Loch an Daimh
Our annual weekend get together in the Highlands. For several years now we have been meeting in Crianlarich for this event, but we decided that it was time to move on, time to ring the changes, go for a change of scene. So this year we booked Suie Lodge in Luib. (Just down the valley from Crianlarich – nothing too radical then.) On Saturday morning we drove down Glen Lochay, past road signs warning that this was a no-through route, then turned North on what my (old) map shows as a track, but which newer maps apparently show as a (yellow) minor road. In the event it was metalled, but in places more pot-holes than road and probably not to be recommended. On the far side of the pass, in Glen Lyon, we left a car at Pubil and continued round to park below the dam of Loch an Daimh. This gave us a head-start on our climb, beginning at around 400m, and with a linear route in mind. Looking at the map I had liked the idea of tackling the ridge of Creag an Fheadain, but that would have necessitated following the shore of the loch for perhaps a couple of kilometres, and when we found a well-used path taking a more direct line up towards the top of that ridge at 887m it seemed sensible to follow it.
From that top we followed the rim of Coire an Duich, the cloud drifting in and out giving some views and often seeming to be about to lift.
Whilst the others stuck with the path up the Munro top of Sron Chona Choirein, Geordie Munro and I continued to follow the edge of the corrie. A very fine corrie it looked too and it was quite tempting to carry-on round and down via the eastern ridge.
But the summit called and we joined the others and followed the main ridge, stopping to admire the frozen Lochan nan Cat when the cloud allowed us a view.
Partial views were to be the order of the day.

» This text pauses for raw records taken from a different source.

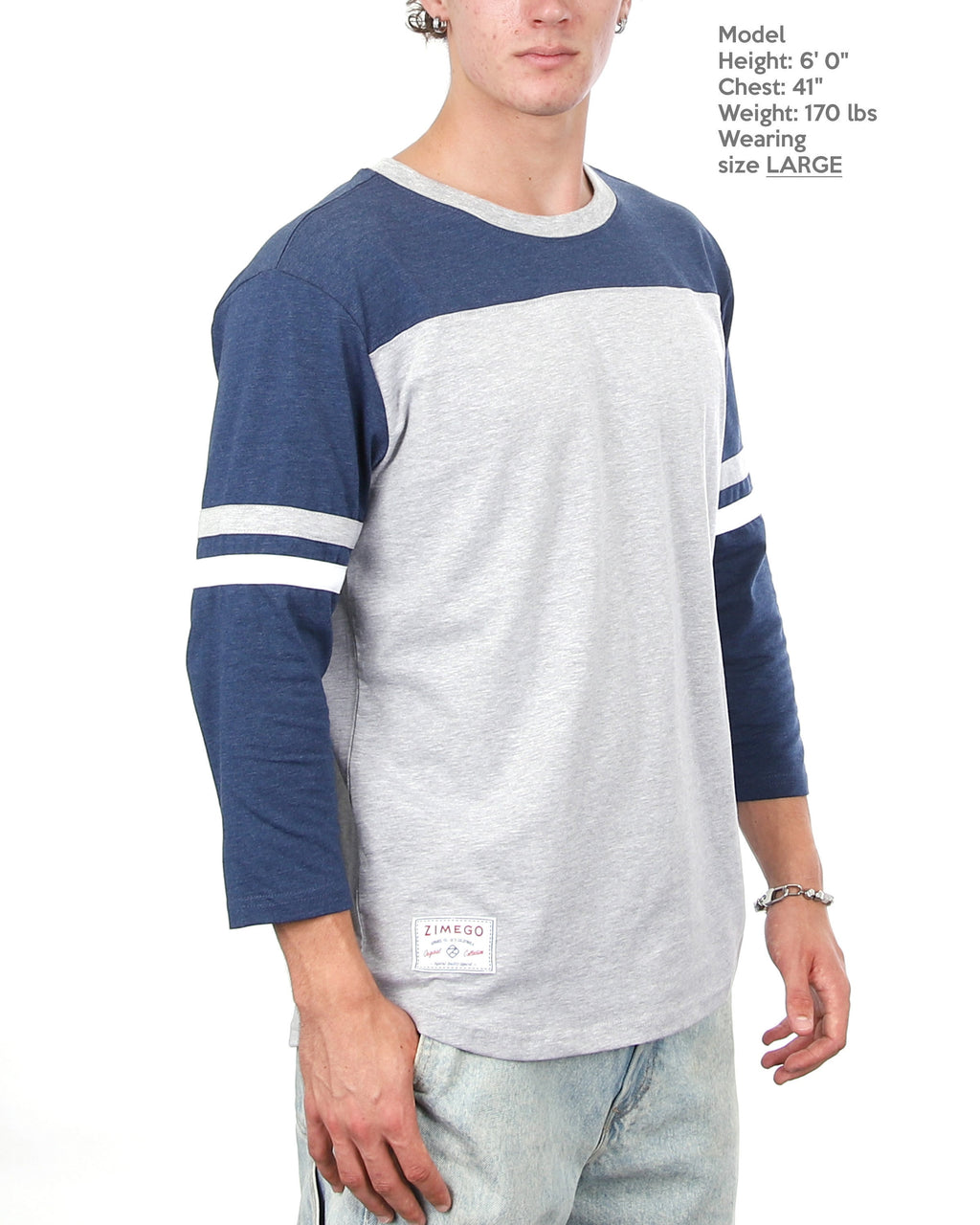 contrast 3/4 sleeve stretch casual based crew neck t=shirts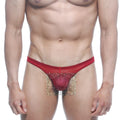 MetroMaleWear net g red 1122-12 red mesh thong with a glittery textured center panel for men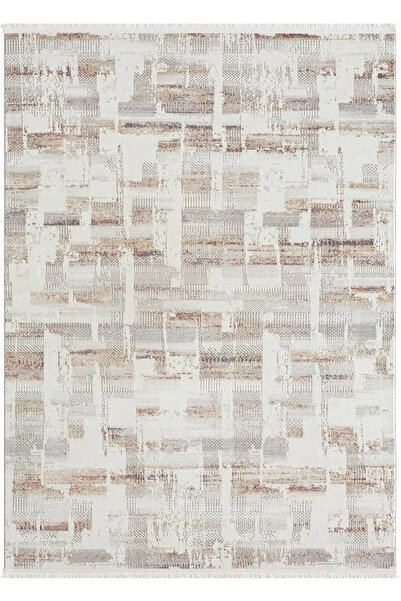 Karmen Halı Lotus 8576 Gri Halı Renkli Detay Modern Desenli İnce Akrilik Tozu...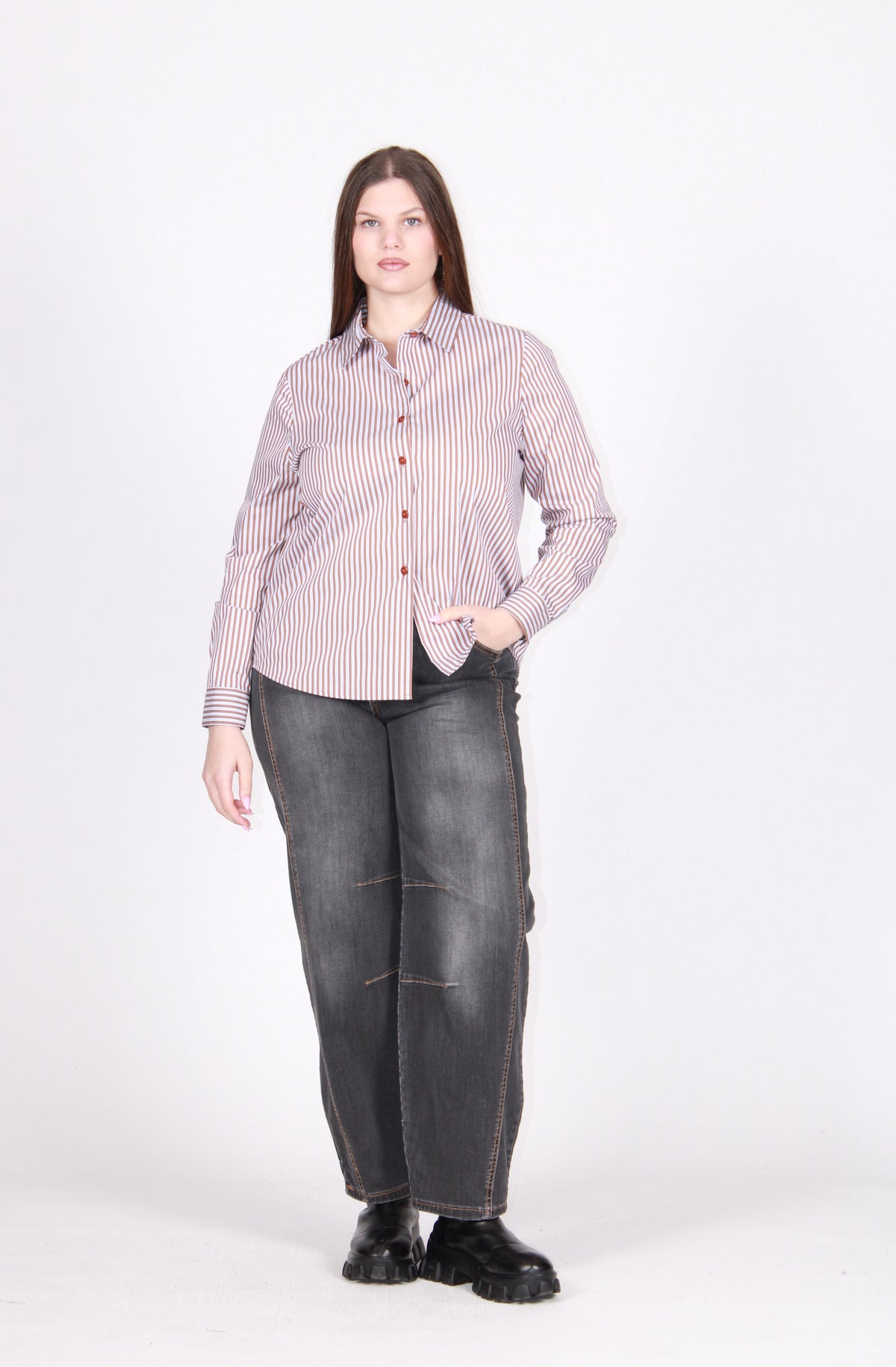 Camicia gessata moro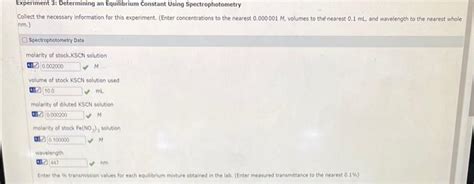 Solved Experiment 3 Determining An Equilibrium Constant Chegg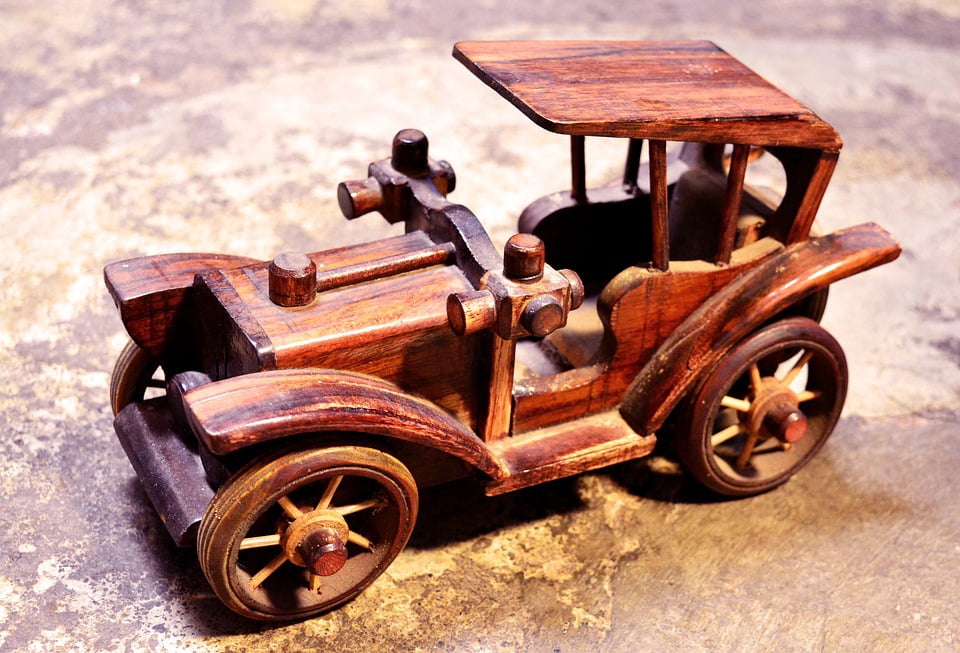 old wooden car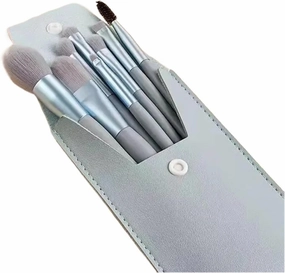 8Pcs Professional Makeup Brushes Set Cosmetic Powder Eye Shadow Foundation Blush Blending Concealer Beauty Make Up Tool Brushes(Blue with Bag)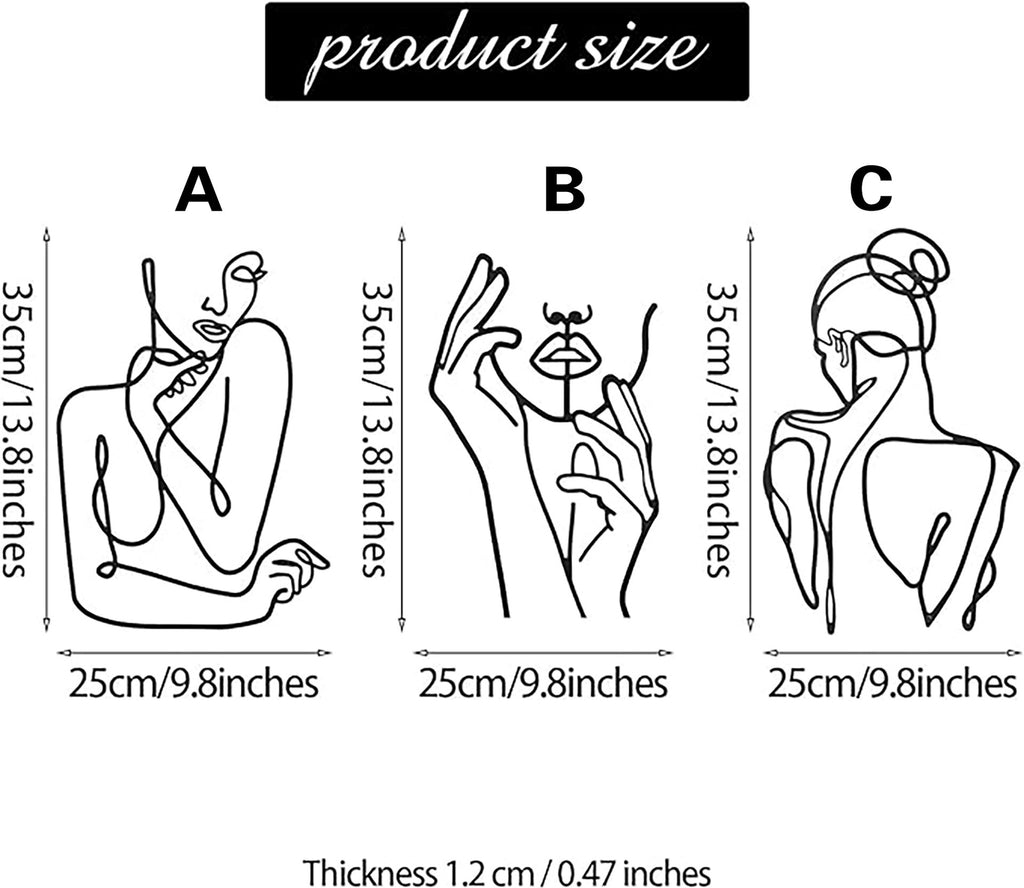 Art Woman Silhouette Interior Decoration Iron Line Metal Wall Space Wall Hanging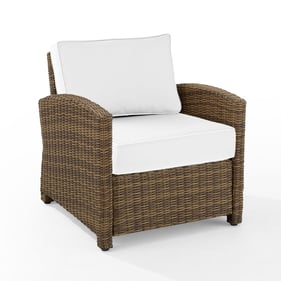 Crosley Bradenton Weathered Brown White Sunbrella Outdoor Chair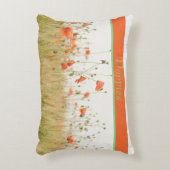 美しいオレンジ色のポピーの花、カスタマイズ可能。 アクセントクッション (正面(垂直))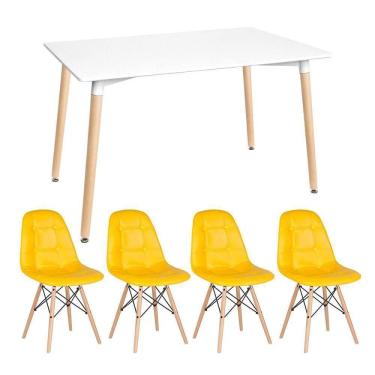 Imagem de Kit - Mesa Retangular Eames 80 X 140 Cm Branco + 4 Cadeiras Botonê Amarelo Mesa Branco Com Cadeiras Amarelo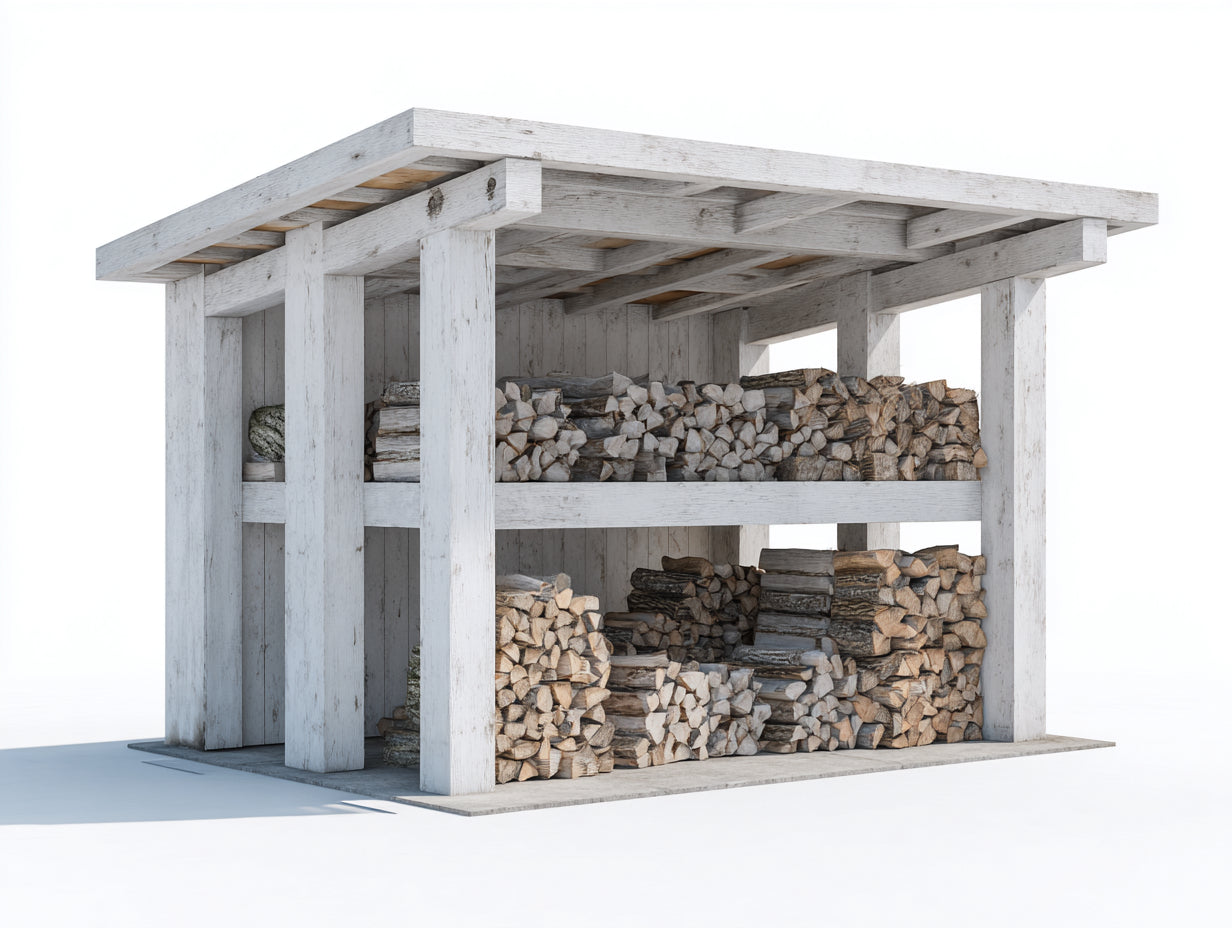 Leñero de jardín de madera 240x80x180 cm - blanco - para exterior diseño rústico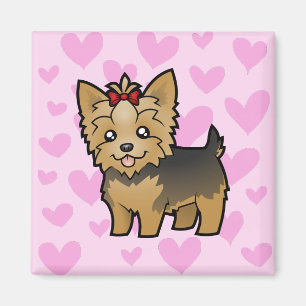 Yorkshire Terrier Love (kort haar met boeg) Magneet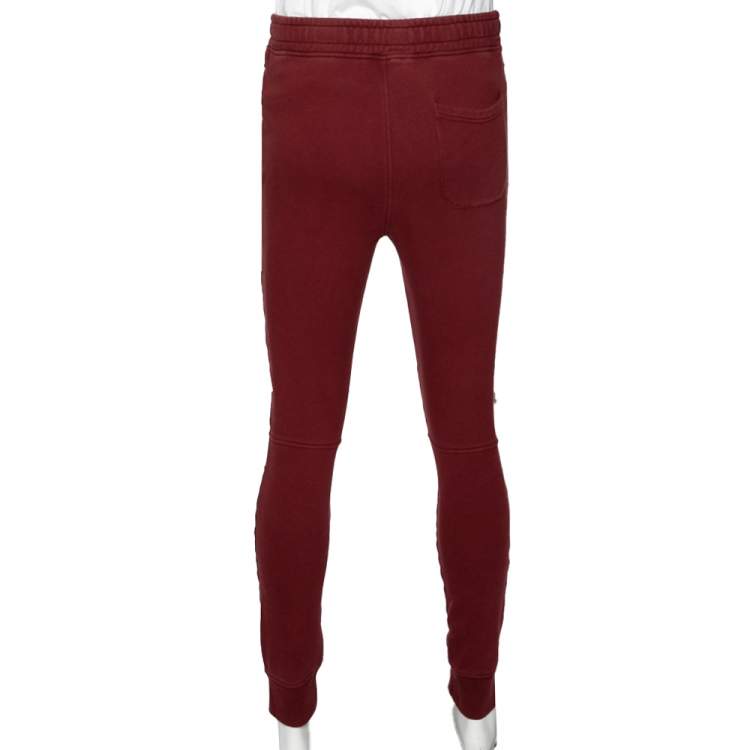 مملوكة مسبقًا Balmain Burgundy Cotton Rib Paneled Biker Track Pants XS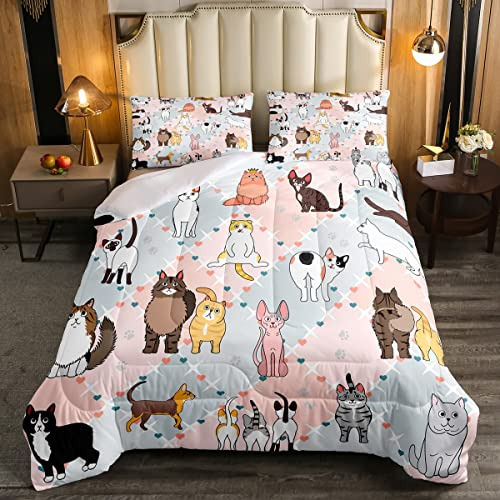 Juego De Ropa De Cama De Gatos Niños, Gatos Kawaii, Ju...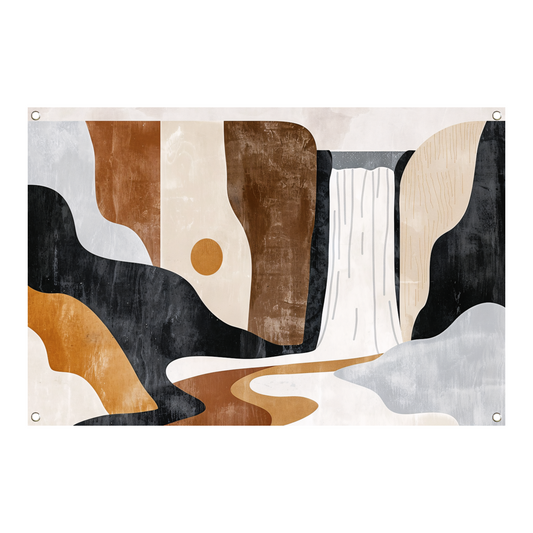Minimalistische Waterval in Aardetinten Abstract tuinposter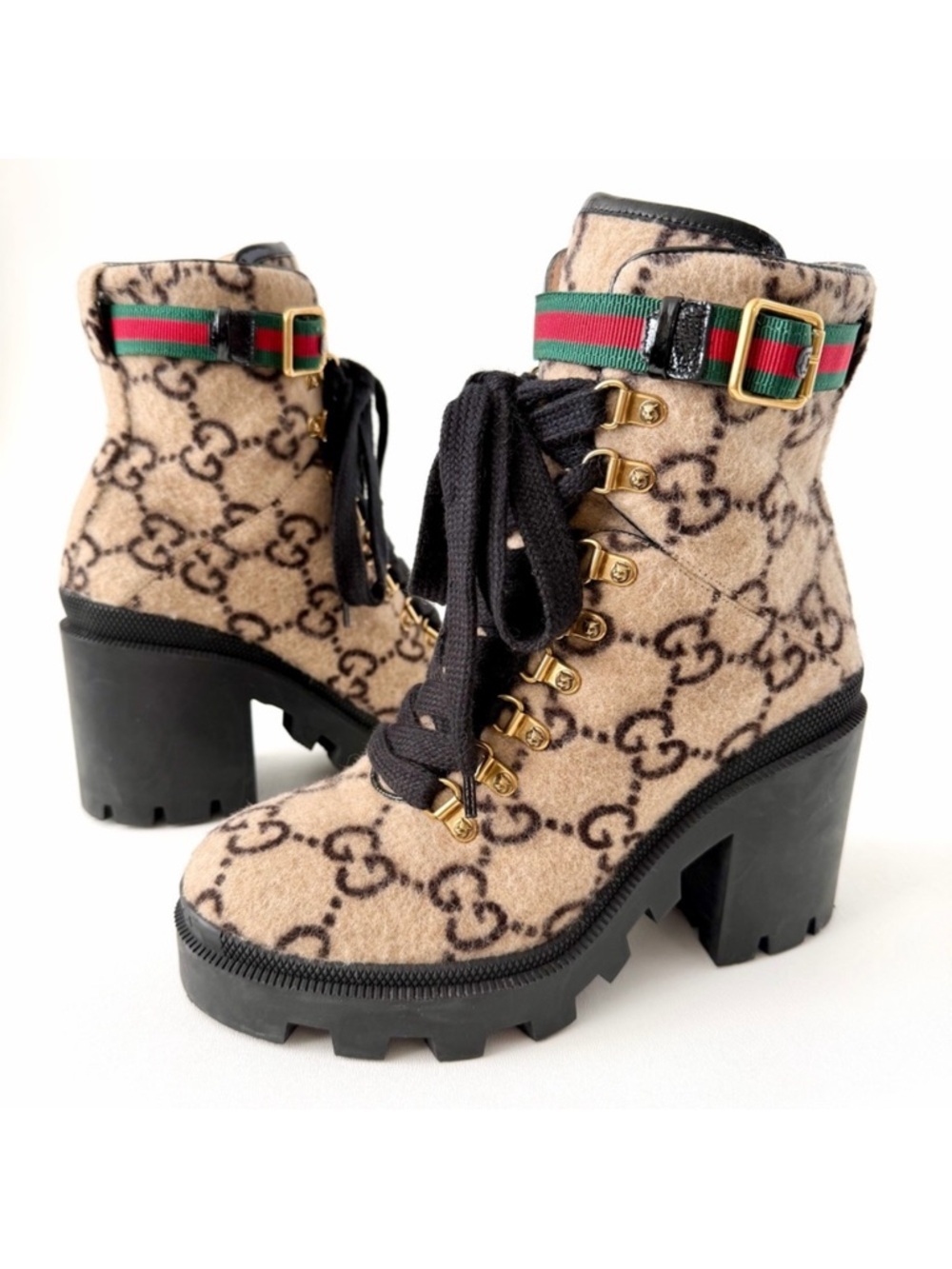 GUCCI | GG Wool Lug Sole‎ Combat Boots Web Strap Ankle EU 38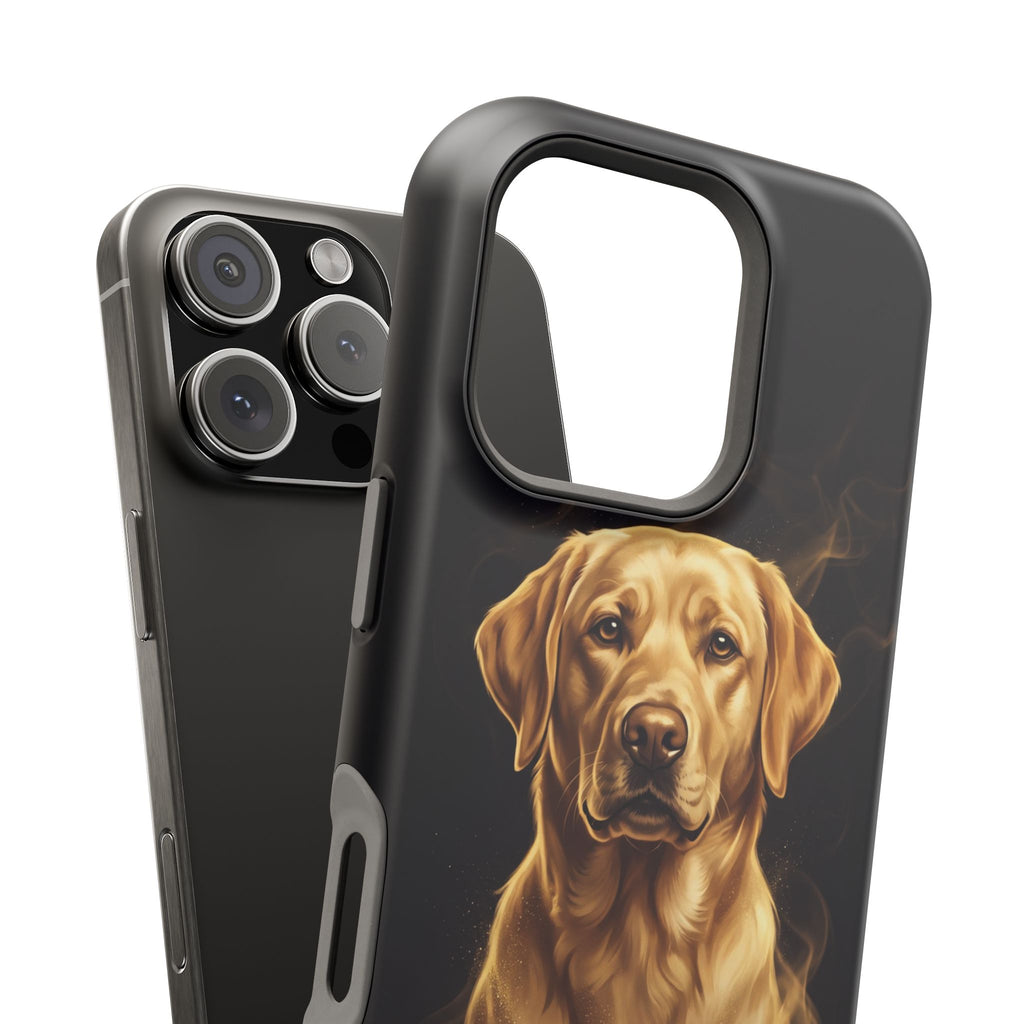 Personalized Gold Smoke Labrador Phone Case — Tough Magnetic Case with Wireless Charging
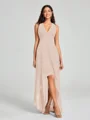 A-Line/Princess V-neck Asymmetrical Sleeveless Chiffon Bridesmaid Dress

But it was great to be out. Stuchd an Lochain (960m) was my first new Munro for…well I’m not sure how long for, but for a very long time. I’ve just done a quick count on my Munro’s map and it seems to be number 145 for me – although that takes no account of my dodgy record keeping and any messing around the SMC have done with the list in the last 10 years (I stopped paying attention). What I do know is that for my friend Robin it was number 2 after Meall nan Tarmachan last year. At this rate he may finish sometime in the 24th Century!
From the Meall an Odhar ridge we had tantalising glimpses of the neighbouring Corbett Creag nan Nathrach and not content with our Munro fix, we crossed some peat-hagged saddle and then climbed steadily to its summit.
On the top we were tempted to loiter by the promise of blue sky overhead and by occasional views back down to Loch an Diamh. There was some debate about potential descent routes but eventually we took a direct route back to Glen Lyon…
…and Pubil. Whilst the faster walkers had taken the car to retrieve our other vehicles the tail-end Charlies followed down the valley where we discovered a memorial to Glen Lyon born explorer of the Yukon, Robert Campbell.